Pendant que Claude Allègre fait fortune en vendant des ouvrages de charlatans (1), les chercheurs travaillent d'arrache-pied pour évaluer l'impact sur l'environnement de l'élévation globale des températures, associée à une raréfaction des précipitations et à une augmentation du pourcentage de dioxyde de carbone dans l'atmosphère.

 

L'écotron européen, sis à Montferrier sur Lez, au sein du Pôle Agropolis de Montpellier, est la première très grande infrastructure de recherche en écologie. Son pilotage est assuré par le CEFE (université Montpellier II/CNRS).

 

L'écotron devrait permettre de répondre aux questions suivantes :

 

- Comment l'augmentation de température et de CO2 atmosphérique affectent-ils la diversité et l'activité des communautés végétales et d'organismes du sol ? Quelles en sont les conséquences sur le stockage du carbone et la disponibilité en eau ?

- Quelles sont les différences de réponses entre individus d'une même espèce? Comment les interactions entre espèces vont-elles être modifiées ?

-  Dans quelle mesure le fonctionnement des écosystèmes est-il menacé par l’érosion de la biodiversité ?

 

A partir des prédictions des climatologues, une expérience grandeur nature est ainsi réalisée sur une prairie... auvergnate. Dans des enceintes de 35 m3, douze prélèvements de cet écosystème (végétaux et insectes) vont être  soumis à des atmosphères confinées plus chaude, plus sèches et plus riches en CO2, pendant plusieurs années. Des relevés quotidiens permettront de suivre au plus près l'évolution des échantillons.

 

D’après le CNRS, jamais le confinement d'écosystème n'aura été réalisé avec une telle précision.

 

Il faut noter qu'en parallèle, à Sète, la plate-forme Medimeer (université Montpellier II/CNRS/IFREMER), permet d'étudier les effets des changements locaux et globaux liés à l'anthropisation sur les écosystèmes lagunaires et marins côtier.

 

Montpellier, qui vient d’être retenu pour piloter un pôle de compétitivité EAU (2), est une plaque tournante de l'écologie scientifique. C'est donc tout naturellement que se tiendra dans cette ville, du 2 au 4 septembre, un grand colloque national : Ecologie 2010.

 

(1) : les lecteurs assidus de ce blog (il y en a !) vont dire que je fais une fixation sur l'ancien ministre ! Ils n'ont pas tout à fait tort. Pourquoi ?

Parce que le comportement de Claude Allègre et son impact sur la communauté scientifique est pratiquement sans précédent dans l'histoire des sciences.

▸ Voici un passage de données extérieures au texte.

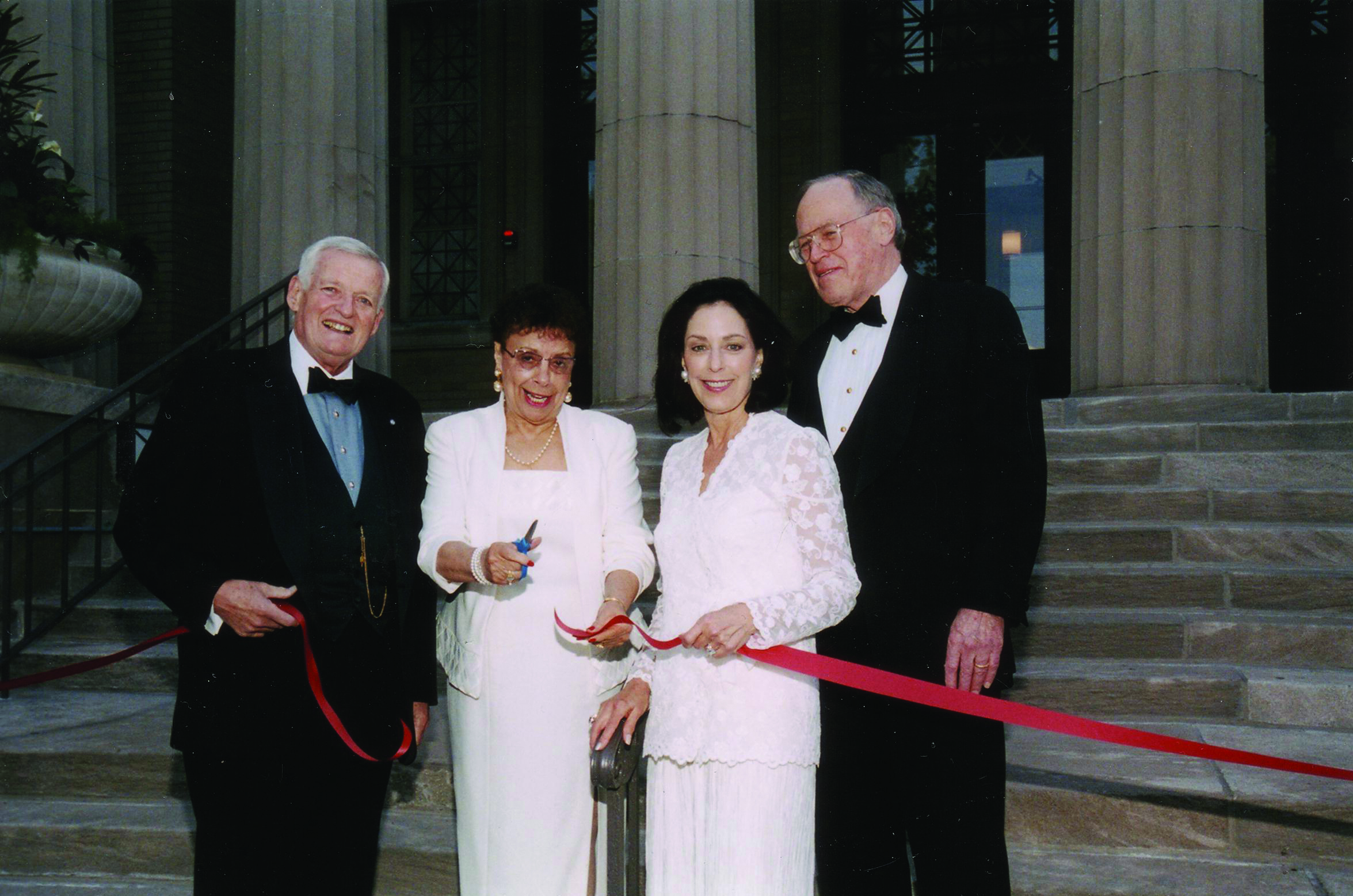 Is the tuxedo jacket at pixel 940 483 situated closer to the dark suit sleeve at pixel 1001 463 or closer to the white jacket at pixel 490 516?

Certes les charlatans et  les scientifiques dévoyés, jalonnent cette histoire, mais jamais un chercheur de ce niveau n'avait réussi à déstabiliser à ce point une partie de sa communauté, en s'appuyant sur les media par l'intermédiaire de livres de vulgarisation présentant des résultats tronqués, truqués, détournés (j'exclus bien sûr la période stalinienne).

 

Maladroitement cette communauté a crû bon de faire appel aux politiques pour trancher ce débat. Evidemment les gouvernants ont joué les Ponce Pilate.

Les chercheurs sont généralement de piètres communicants ; l'affaire Allègre vient de prouver que de bons articles dans des revues prestigieuses, sont de peu de poids face à un reportage dans Match ou à un passage chez Ardisson ou Denisot.

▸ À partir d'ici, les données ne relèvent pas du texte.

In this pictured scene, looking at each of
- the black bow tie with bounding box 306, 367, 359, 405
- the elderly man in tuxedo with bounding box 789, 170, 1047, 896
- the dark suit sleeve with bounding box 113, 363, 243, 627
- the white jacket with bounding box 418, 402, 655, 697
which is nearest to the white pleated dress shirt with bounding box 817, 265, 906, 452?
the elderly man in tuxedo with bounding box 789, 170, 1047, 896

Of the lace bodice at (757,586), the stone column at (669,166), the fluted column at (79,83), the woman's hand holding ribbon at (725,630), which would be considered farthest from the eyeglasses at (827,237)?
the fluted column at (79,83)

Le CNRS et les universités vont devoir recruter des bimbos comme attaché de presse !

 

  A lire l'ouvrage L'IMPOSTEUR C'EST LUI, de Sylvestre HUET chez Stock

 

(2) : le pôle "Eau" associe les laboratoires spécialisés de l’université Montpellier 2 et un réseau de 72 entreprises régionales travaillant sur le cycle de l’eau (production, irrigation, épuration…). Chercheurs et entrepreneurs sont réunis au sein de VERSeau développement, un cluster qui associe également les collectivités territoriales.